Given information.
• • • • •

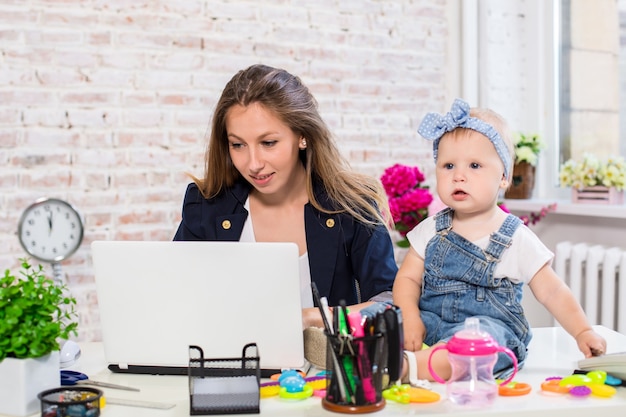 Giovane e bella donna d'affari allegra che guarda il laptop mentre è seduta al suo posto di lavoro con lei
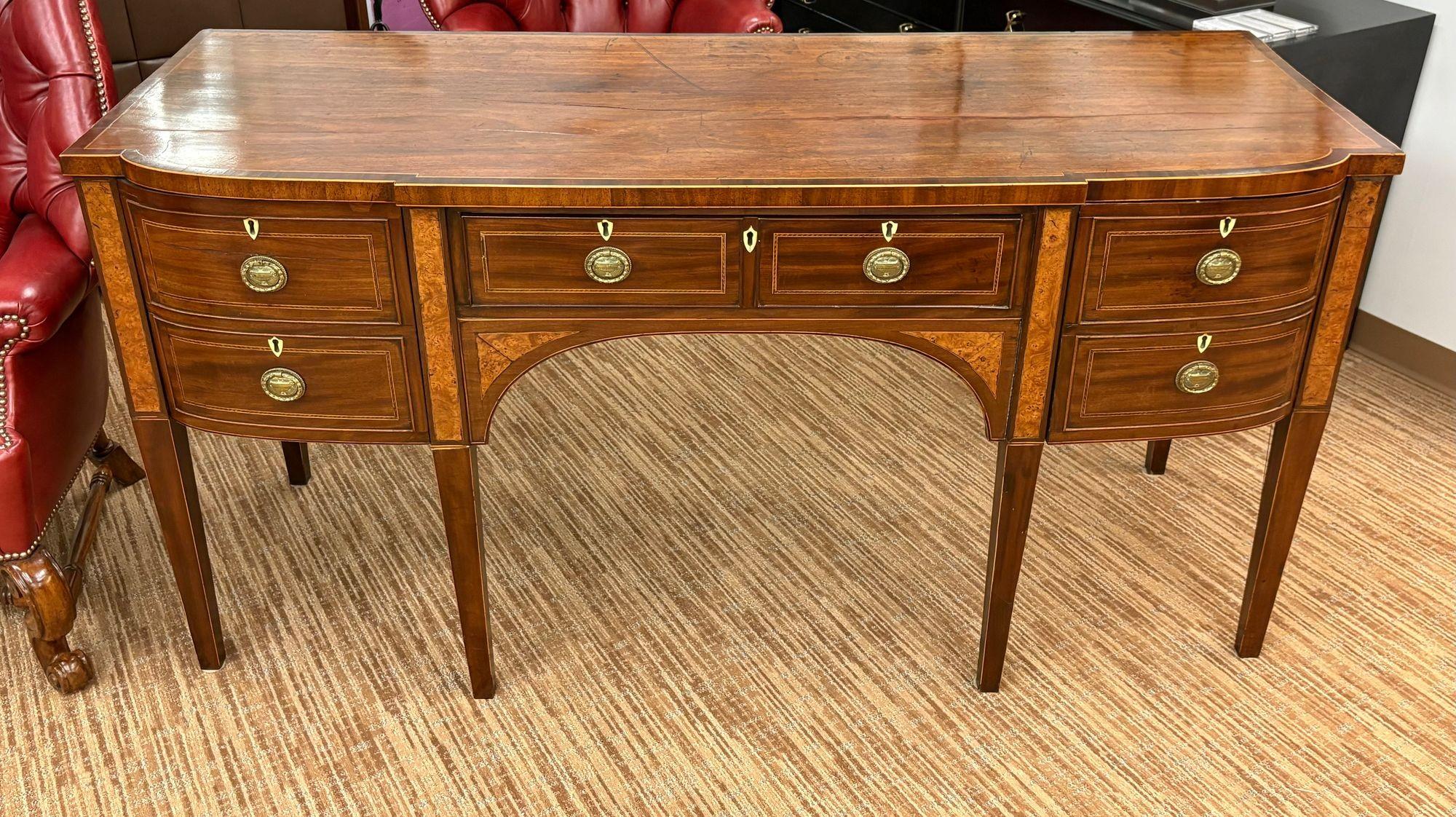 18th / 19th Century George lll Sideboard, Mahogany, Wine Drawer, Inlaid

A very good George III period inlaid mahogany sideboard. Of break fronted form with a central long drawer flanked by a pair of deep drawers (one fitted as a cellarette).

• • • • •

Task to carry out. Write the material out again exactly. Do not include the pictures.

Exercise answer.
 Giovane e bella donna d'affari allegra che guarda il laptop mentre è seduta al suo posto di lavoro con lei
 18th / 19th Century George lll Sideboard, Mahogany, Wine Drawer, Inlaid

A very good George III period inlaid mahogany sideboard. Of break fronted form with a central long drawer flanked by a pair of deep drawers (one fitted as a cellarette).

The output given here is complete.